Take the intensive case management for instance. If you are severely disabled and in need of assistance, the state will pay for a case manager to help you with life.

Case managers are paid $7 an hour when alone, $14 with a client. When they are with a client, they are instructed to do mostly paperwork. The goal here is to not actually help people, but to fill out paperwork in proximity to them to collect state funds, while paying social workers peanuts without benefits. So the case manager helping the impoverished is herself, financially insecure.

So where is all the money going?

A company manages the case managers, and they pocket the bulk of state funds. The management, board, and directors all live in very large houses and drive very expensive cars. Case managers drive 2002 Honda Accords without AC or a radio. Clients live in squalor, just happy to have someone doing their paperwork nearby. This is the American caste system.

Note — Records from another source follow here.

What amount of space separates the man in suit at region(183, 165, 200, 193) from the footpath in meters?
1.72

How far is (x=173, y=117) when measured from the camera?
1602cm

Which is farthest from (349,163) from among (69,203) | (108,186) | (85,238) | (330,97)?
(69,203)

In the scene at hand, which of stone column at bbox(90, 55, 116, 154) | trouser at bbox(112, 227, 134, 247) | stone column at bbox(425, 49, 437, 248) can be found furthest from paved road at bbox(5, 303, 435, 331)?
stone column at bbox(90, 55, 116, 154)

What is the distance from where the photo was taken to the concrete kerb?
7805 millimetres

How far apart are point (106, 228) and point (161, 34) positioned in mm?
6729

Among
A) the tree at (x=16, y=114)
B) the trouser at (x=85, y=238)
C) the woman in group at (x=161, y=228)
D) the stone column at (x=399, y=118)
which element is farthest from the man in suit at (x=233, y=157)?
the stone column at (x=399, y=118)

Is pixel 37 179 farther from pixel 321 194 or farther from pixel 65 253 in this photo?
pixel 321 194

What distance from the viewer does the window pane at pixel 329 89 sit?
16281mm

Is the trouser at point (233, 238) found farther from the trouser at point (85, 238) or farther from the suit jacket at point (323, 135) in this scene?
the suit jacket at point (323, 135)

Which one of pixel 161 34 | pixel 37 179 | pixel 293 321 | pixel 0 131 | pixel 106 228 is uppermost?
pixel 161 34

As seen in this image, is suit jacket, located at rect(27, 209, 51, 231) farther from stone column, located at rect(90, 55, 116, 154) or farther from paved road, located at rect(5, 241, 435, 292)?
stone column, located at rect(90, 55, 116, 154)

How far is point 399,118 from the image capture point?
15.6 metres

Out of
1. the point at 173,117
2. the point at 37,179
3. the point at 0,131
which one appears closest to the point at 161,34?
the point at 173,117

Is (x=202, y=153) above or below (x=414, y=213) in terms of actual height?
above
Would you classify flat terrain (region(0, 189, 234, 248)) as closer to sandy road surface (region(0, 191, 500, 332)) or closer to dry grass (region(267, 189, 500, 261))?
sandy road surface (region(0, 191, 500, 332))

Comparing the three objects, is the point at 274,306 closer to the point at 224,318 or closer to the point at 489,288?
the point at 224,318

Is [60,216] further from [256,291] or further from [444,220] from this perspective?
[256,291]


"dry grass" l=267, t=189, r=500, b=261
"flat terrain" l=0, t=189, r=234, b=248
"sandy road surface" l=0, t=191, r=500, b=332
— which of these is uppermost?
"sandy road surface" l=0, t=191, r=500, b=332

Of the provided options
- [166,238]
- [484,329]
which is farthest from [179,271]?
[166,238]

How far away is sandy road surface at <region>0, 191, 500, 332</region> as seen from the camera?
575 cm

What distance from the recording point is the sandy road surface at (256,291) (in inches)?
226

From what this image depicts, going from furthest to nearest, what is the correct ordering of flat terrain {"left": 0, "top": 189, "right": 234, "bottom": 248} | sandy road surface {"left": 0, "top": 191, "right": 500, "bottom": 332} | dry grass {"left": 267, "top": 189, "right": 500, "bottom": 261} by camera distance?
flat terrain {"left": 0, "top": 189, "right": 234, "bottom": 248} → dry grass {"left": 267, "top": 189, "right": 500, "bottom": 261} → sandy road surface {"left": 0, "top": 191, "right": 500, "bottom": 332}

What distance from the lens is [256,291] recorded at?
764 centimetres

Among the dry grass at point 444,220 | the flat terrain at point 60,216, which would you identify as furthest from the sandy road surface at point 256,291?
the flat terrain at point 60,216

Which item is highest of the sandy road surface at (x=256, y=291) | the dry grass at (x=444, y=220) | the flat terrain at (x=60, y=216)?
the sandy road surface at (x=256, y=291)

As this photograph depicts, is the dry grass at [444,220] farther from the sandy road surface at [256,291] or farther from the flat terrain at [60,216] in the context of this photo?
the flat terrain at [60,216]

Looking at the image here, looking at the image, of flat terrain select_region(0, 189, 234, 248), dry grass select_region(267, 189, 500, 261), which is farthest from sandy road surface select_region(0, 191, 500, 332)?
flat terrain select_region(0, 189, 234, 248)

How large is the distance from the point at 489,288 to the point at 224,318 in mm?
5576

So I think you can see, even when we fund social services, the money still ends up in the hands of the wealthy. It’s just what capitalism is designed to do.

2 comments

> It’s just what capitalism is designed to do.

Capitalism is simply allowing private citizens to own, in part or full, the means of production such as farms and businesses. I'm not sure that capitalism is responsible for a decision about dispersing government money to create terrible jobs resulting in mismanagement and horrible customer service.

> money still ends up in the hands of the wealthy

I think the definition of wealthy requires money end up in someone's hands.

>simply allowing private citizens to own, in part or full, the means of production such as farms and businesses.

To me this is just free enterprise and private property rights.

Capitalism is more like when the strength of the capital itself gives it a significant or outsized influence compared to the fundamental enterprise and private ownership interest.

Usually when Other People's Money is involved in ways where a chain of resources & debt is built that can influence enterprise and ownership in ways that might not take place otherwise.

Both positive and negative outcomes can be leveraged or exaggerated, for instance in the case of a benevolent capitalist compared to a greedy one.

Edit: not my downvote, bump back up from me

> To me this is just free enterprise and private property rights.

Capitalism is just a system which allows private citizens to own the means of production.

Everything else is just people trying to overload a word to create a savior or boogey man.

Thank you for the vote correction.

So you latch on to the outsourced part and complain about capitalism, or we could latch on to the government-funded part and complain about socialism.

I think more than capitalism v. socialism here the problem is that we are governed by filth who are looting public treasuries for themselves and their buddies.

That's not how I read his comment at all: if the government grants are not doled out with oversight, it's entirely rational for greedy actors to minimize the dollars ultimately reaching the intended targets.
> we are governed by filth who are looting public treasuries for themselves and their buddies.

Hence the conservative ideal of smaller government with limited powers, so that there is both less to loot from as well as a lesser ability for those in power to direct those treasures to themselves.

And then it's put into practice and it looks like Alabama, they are running the natural experiment in Alabama since 1901, the 1901 constitution and its impacts on the state are well-known.

To get any kind of local tax raised, the local authority has to go through the oligarch-controlled legislature in Montgomery, where it would be shot down. And like that you end up with county roads on a 70-year replacement schedule.

I'm focusing on the bad actors, who are the ones extracting all of the money from the system as profit. That's what makes this dysfunctional. If they were gone, the people trying to help would have more resources. Notably, these people hold titles associated with the artifices of capitalism. The social worker doesn't need a board of directors. She knows what needs to be done. It's the board of directors who need the social worker -- not to fix anything, but to do the appearance of work while they collect rent checks from the government. It's disgusting.

We can imagine this enterprise organized another way which actually helps people. Fewer Ferrari dealerships would make sales, but that's a sacrifice I'm willing to make.